═══ Material for this exercise ═══
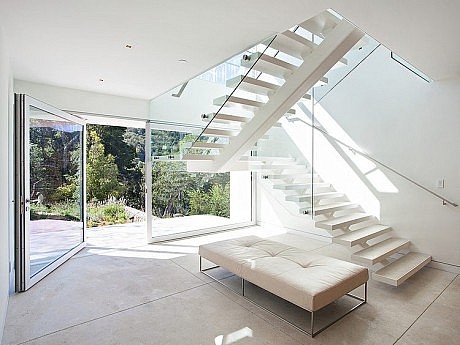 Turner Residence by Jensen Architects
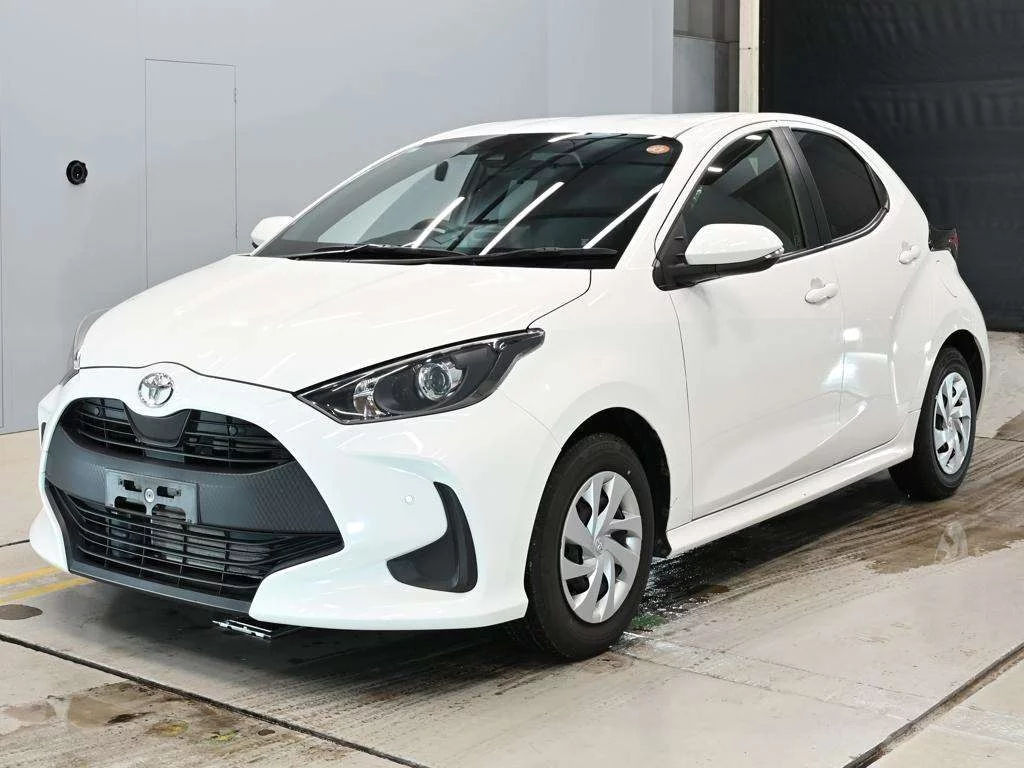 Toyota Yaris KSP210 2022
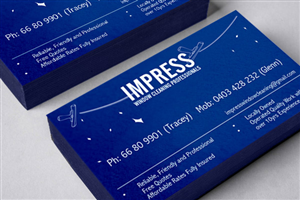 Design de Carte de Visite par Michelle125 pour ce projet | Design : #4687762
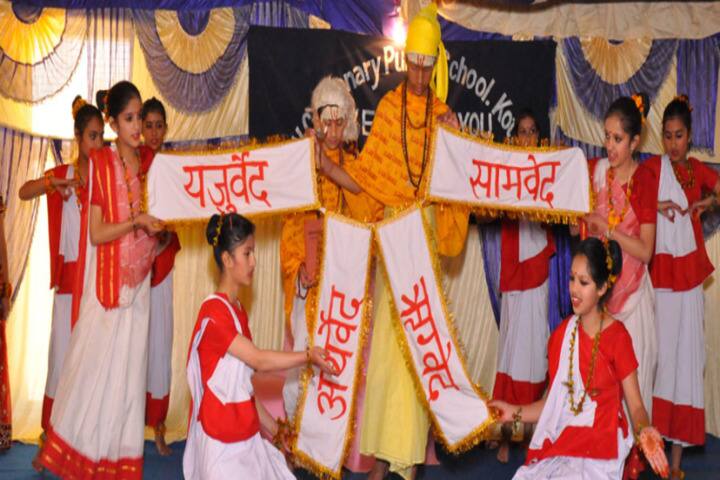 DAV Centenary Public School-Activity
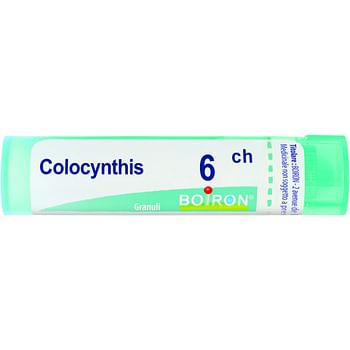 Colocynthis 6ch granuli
═══
Brief:
Produce a verbatim copy of all records, minus pictures.

Answer to this problem:
 Turner Residence by Jensen Architects
 Toyota Yaris KSP210 2022
 Design de Carte de Visite par Michelle125 pour ce projet | Design : #4687762
 DAV Centenary Public School-Activity
 Colocynthis 6ch granuli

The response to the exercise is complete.